Data excerpt >>
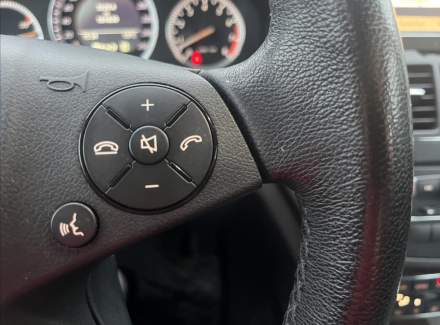 Mercedes-Benz - C-class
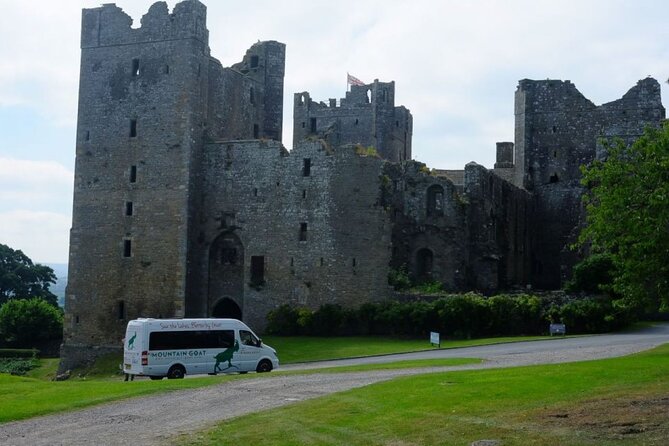 All Creatures Great & Small tour from York - Skipton for lunch and market browsing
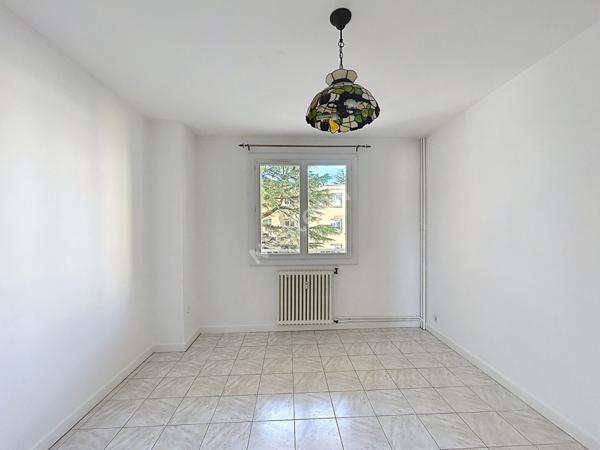 Appartement Montélimar 3 pièce(s) 65.92 m2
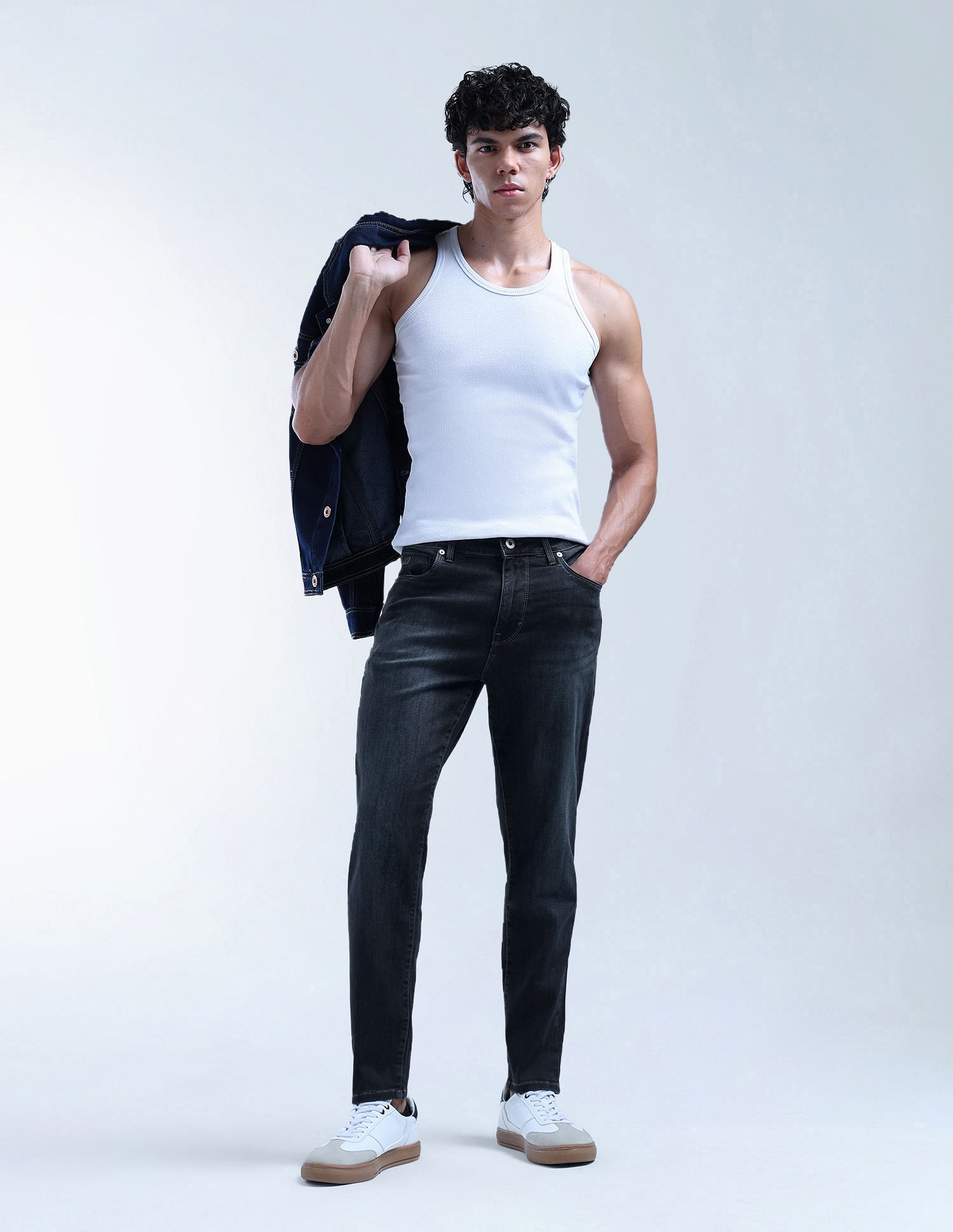 Flying Machine Mankle Relaxed Tapered Fit Authentic Premium Jeans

Problem requirements >>
Exclude every image and return the material above exactly.

Response area >>
 Mercedes-Benz - C-class
 All Creatures Great & Small tour from York - Skipton for lunch and market browsing
 Appartement Montélimar 3 pièce(s) 65.92 m2
 Flying Machine Mankle Relaxed Tapered Fit Authentic Premium Jeans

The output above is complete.